One of the largest US payment processing companies improved their data quality, built a reliable big data reservoir, and uncovered millions of dollars owed to them in unpaid balances.
Business objective & project requirements
Due to its strategy of growth by acquisition, the financial services company was composed of several different payment networks (acquired companies), each with their own technical stack and sales processes. The processor aimed to reach a stage where all of its payment networks could access the same data and use standard practices, sales strategies, and technology.
- Move from data lake to reservoir: Transition away from data being stored, maintained, accessed, and utilized by individual payment networks, to data being collected, accessible, and usable in a single place.
- Be able to instantly work with data, including performing analytics and detecting real time patterns.
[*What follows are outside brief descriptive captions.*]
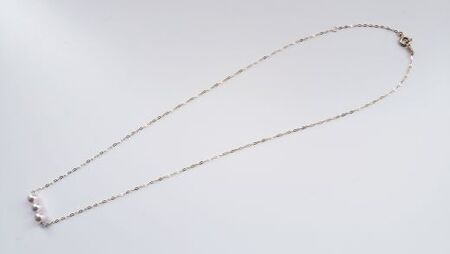 天使のブランコ、スウィングネックレス（K10YG）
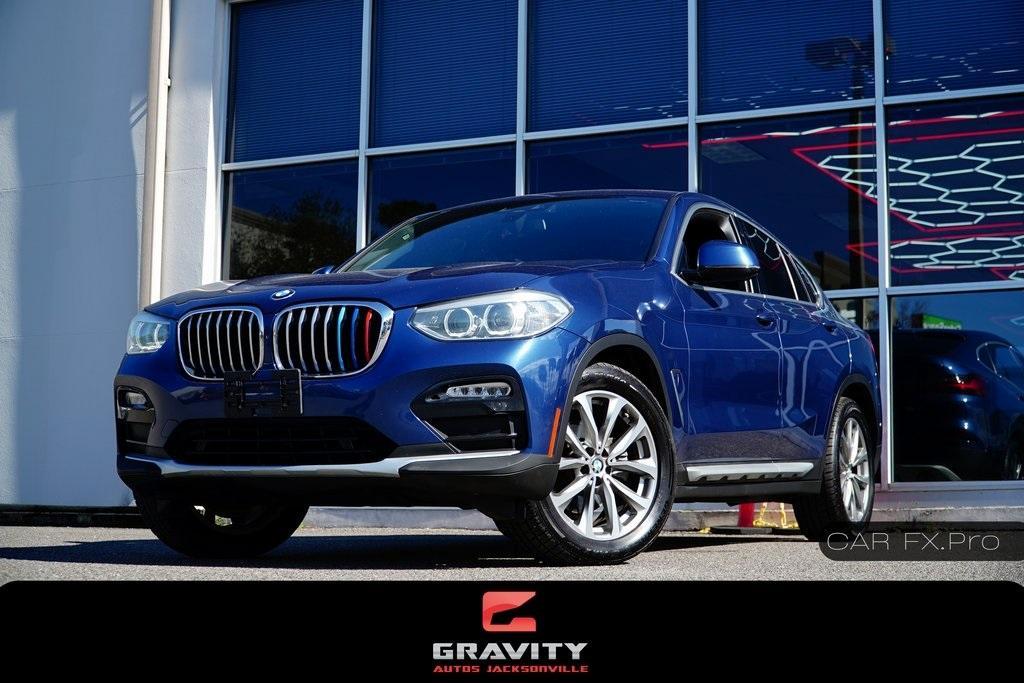 used 2019 BMW X4 car, priced at $23,459
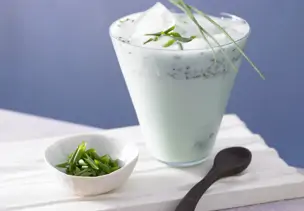 Pikanter Milchmix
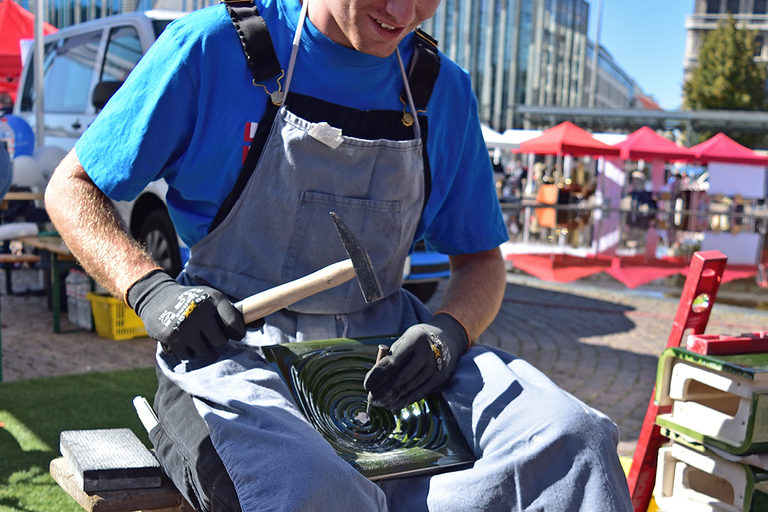 "Tag des Handwerks" 2019 auf dem Augustusplatz in Leipzig. 16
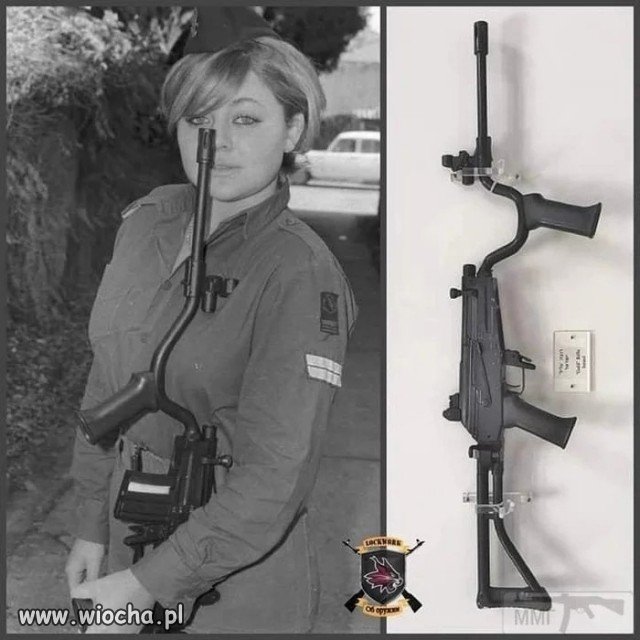 Specjalny karabin dla kobiecej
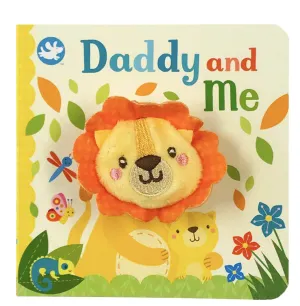 Daddy & Me Finger Puppet Book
- Detect payment fraud: Although fraud is also handled by banks and payment technology companies like Visa and Mastercard, the company wanted to expand their product offer with services such as fraud detection.
Project phases
- Proof of concept and early work in big data and reference data: Ataccama gave meaning to Hadoop by defining reference values such as payment and error codes, saving the company $1 million at the start of cooperation.
- Standardization: Data was not consistently organized across various platforms, so Ataccama worked to standardize all company data.
- Enrichment: Ataccama helped the company enrich their data with information that was not originally available, such as addresses, postal codes, or transaction types.
- Distribution and business user empowerment: Ataccama allowed all company analysts to access their standardized and enriched data in Hadoop. We also enabled them to build small databases on demand, which proved especially beneficial to their marketing department.
Solution & benefits
Ataccama migrated data from former individual companies to a single location with Hadoop, and implemented a data quality solution so that data could be better analyzed, understood, and utilized.
Hadoop Implementation: In the first stage, Ataccama helped the company migrate their data from individual companies to a Hadoop cluster.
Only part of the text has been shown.